Write out the following listing's lines from the one with "Oltens Superior brodzik" to the one with "Miniatura 90 de", exactly, with both included and no others.

§ **Working data**
____
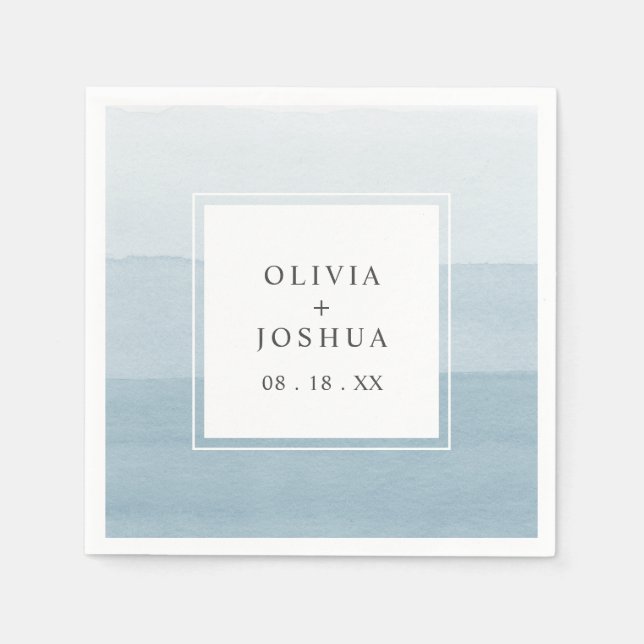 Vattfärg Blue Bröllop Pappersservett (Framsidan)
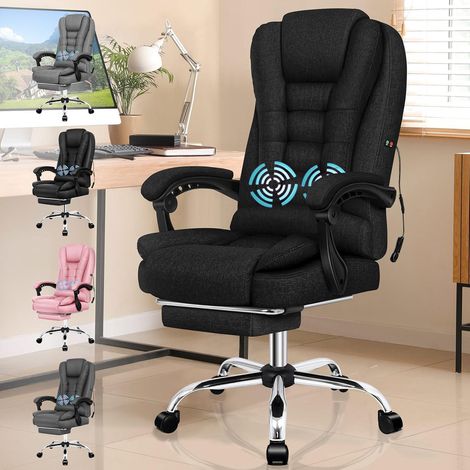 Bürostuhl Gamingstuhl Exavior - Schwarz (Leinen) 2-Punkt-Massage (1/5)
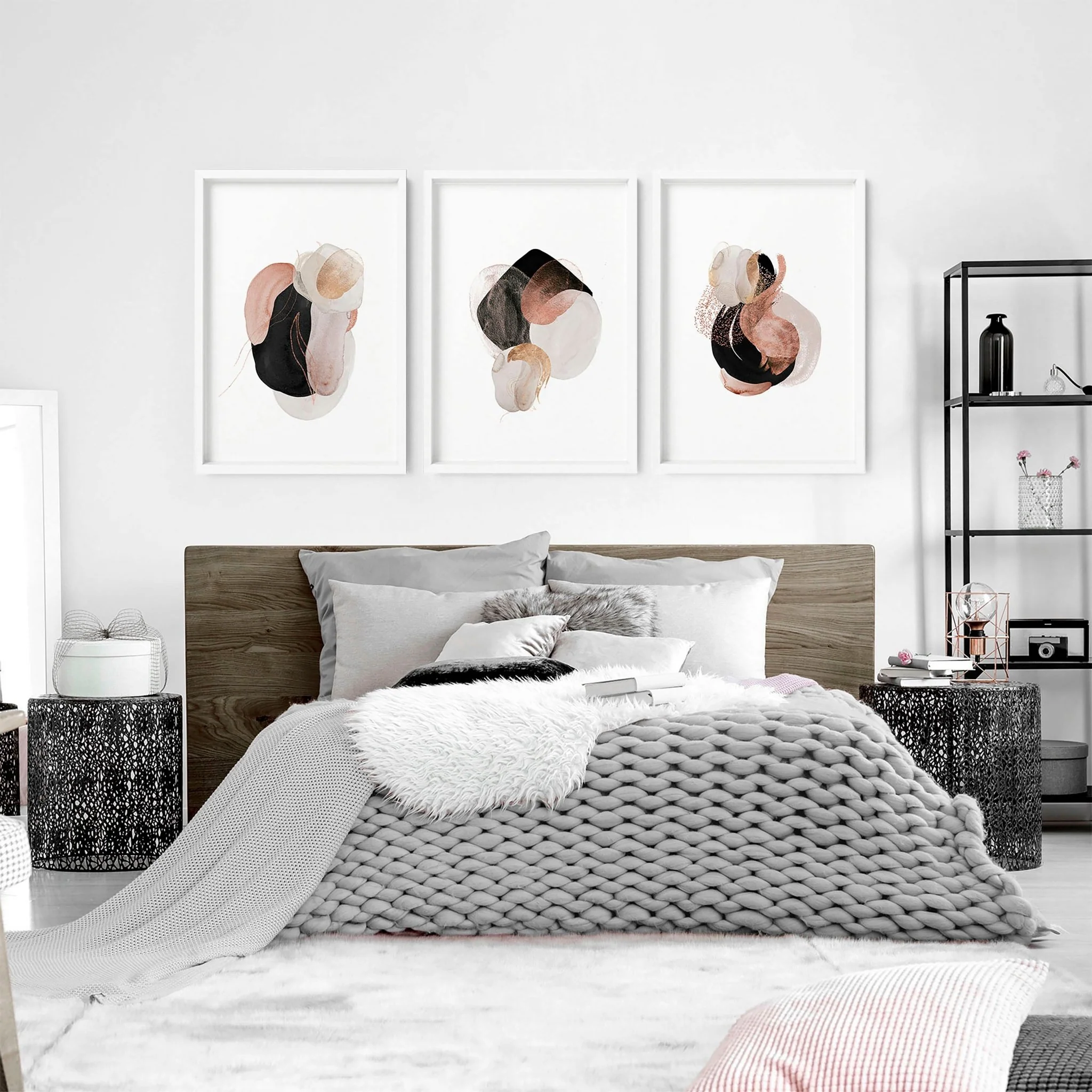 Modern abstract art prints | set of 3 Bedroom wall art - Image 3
____
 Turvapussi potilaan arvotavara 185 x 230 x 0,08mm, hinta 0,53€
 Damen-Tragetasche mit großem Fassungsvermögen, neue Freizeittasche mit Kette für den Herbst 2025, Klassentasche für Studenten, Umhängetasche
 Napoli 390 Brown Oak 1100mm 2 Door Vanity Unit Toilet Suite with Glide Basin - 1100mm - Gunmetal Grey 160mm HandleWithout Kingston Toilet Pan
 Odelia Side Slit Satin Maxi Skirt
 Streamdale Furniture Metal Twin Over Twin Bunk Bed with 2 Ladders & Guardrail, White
____
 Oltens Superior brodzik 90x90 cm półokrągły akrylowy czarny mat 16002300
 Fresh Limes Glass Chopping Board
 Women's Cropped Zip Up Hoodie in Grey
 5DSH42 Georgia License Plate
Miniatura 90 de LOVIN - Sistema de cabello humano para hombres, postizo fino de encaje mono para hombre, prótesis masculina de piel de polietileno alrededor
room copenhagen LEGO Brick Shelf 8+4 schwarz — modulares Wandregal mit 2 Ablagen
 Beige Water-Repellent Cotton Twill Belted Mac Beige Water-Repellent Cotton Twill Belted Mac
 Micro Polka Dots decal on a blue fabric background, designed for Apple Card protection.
____
§ **Result**
 Oltens Superior brodzik 90x90 cm półokrągły akrylowy czarny mat 16002300
 Fresh Limes Glass Chopping Board
 Women's Cropped Zip Up Hoodie in Grey
 5DSH42 Georgia License Plate
Miniatura 90 de LOVIN - Sistema de cabello humano para hombres, postizo fino de encaje mono para hombre, prótesis masculina de piel de polietileno alrededor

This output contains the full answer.